> **WORK REQUIRED**
I would like the lines below, from the one with "Hedgehog Fibres Skinny Singles Yarn" through the one with "Oasi di Mare – Guest House — foto 7", copied exactly and without any pictures.

> **SUPPLIED DATA**
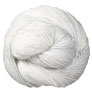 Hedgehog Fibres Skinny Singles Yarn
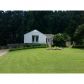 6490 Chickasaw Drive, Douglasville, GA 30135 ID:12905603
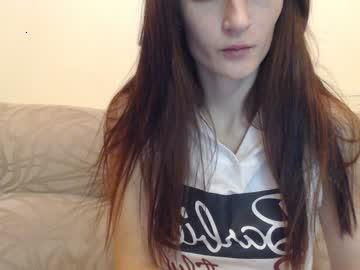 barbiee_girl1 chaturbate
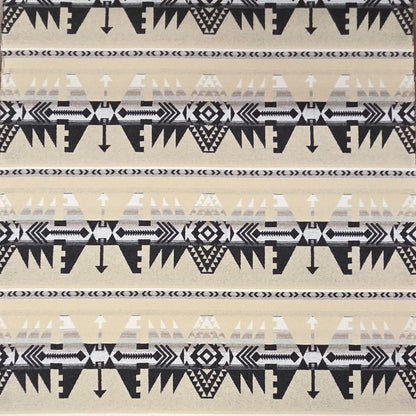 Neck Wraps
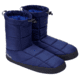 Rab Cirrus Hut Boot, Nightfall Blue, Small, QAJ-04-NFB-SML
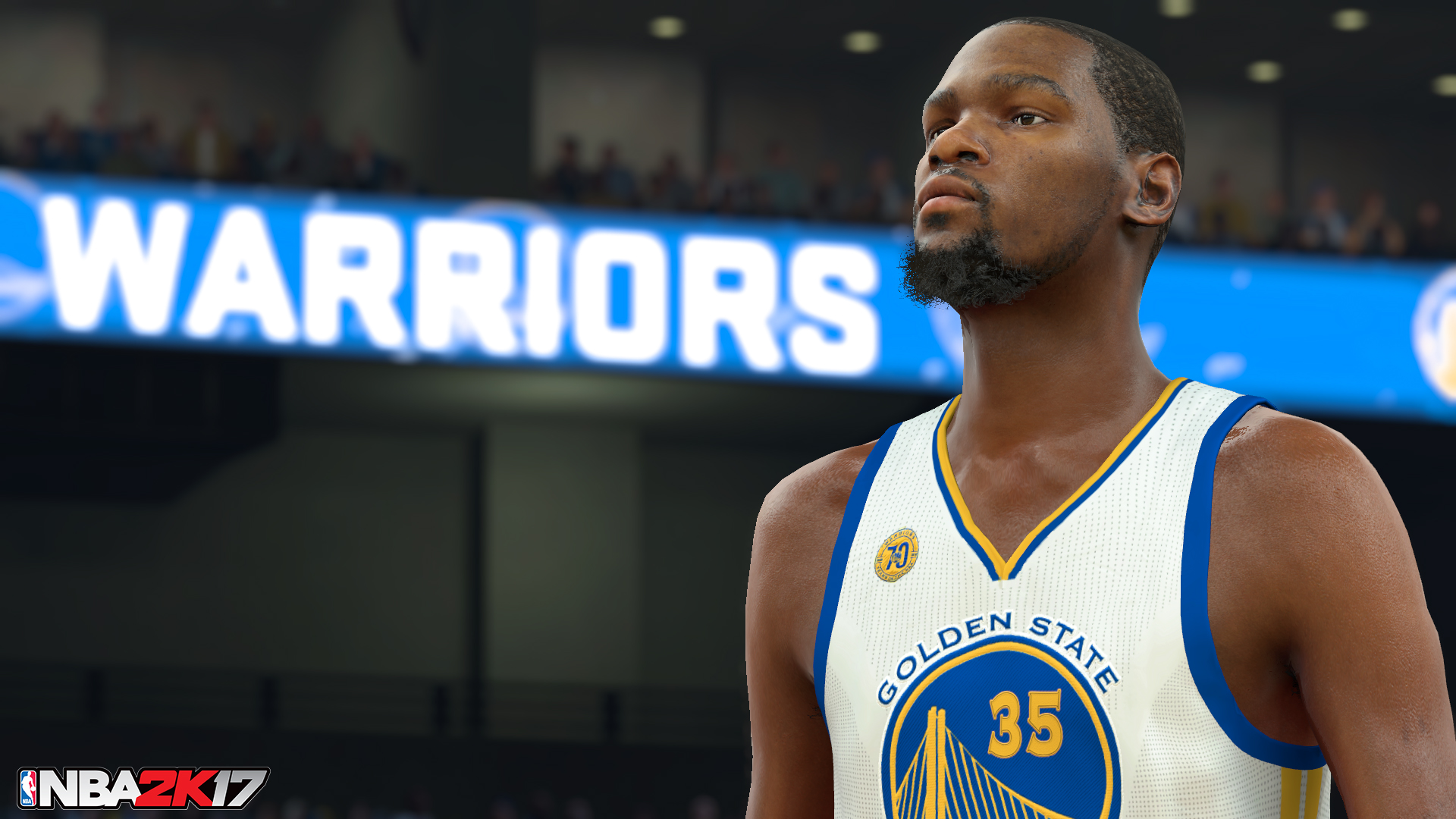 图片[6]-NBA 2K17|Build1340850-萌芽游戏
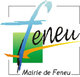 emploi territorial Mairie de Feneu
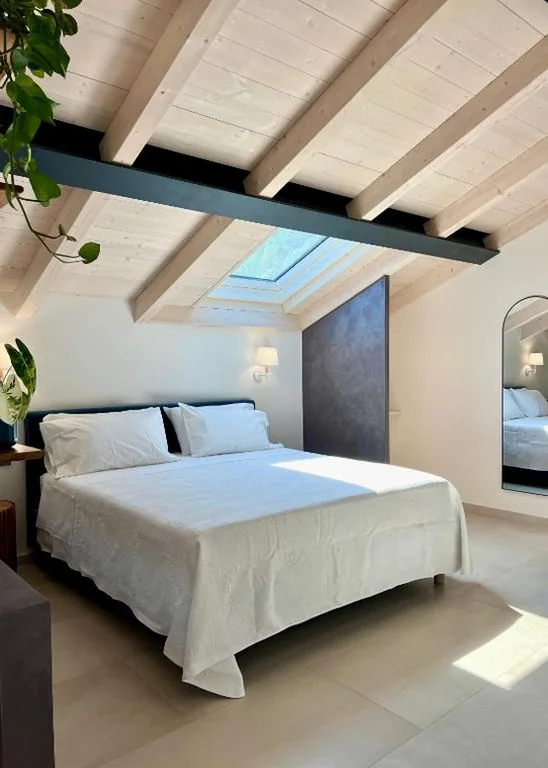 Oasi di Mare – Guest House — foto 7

* * *

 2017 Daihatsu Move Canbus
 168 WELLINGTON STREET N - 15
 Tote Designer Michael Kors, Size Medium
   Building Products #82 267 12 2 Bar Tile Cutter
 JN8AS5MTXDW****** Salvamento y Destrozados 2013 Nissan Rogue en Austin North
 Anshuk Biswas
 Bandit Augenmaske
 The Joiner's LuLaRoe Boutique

> **ANSWER BOX**
 Hedgehog Fibres Skinny Singles Yarn
 6490 Chickasaw Drive, Douglasville, GA 30135 ID:12905603
 barbiee_girl1 chaturbate
 Neck Wraps
 Rab Cirrus Hut Boot, Nightfall Blue, Small, QAJ-04-NFB-SML
 图片[6]-NBA 2K17|Build1340850-萌芽游戏
 emploi territorial Mairie de Feneu
 Oasi di Mare – Guest House — foto 7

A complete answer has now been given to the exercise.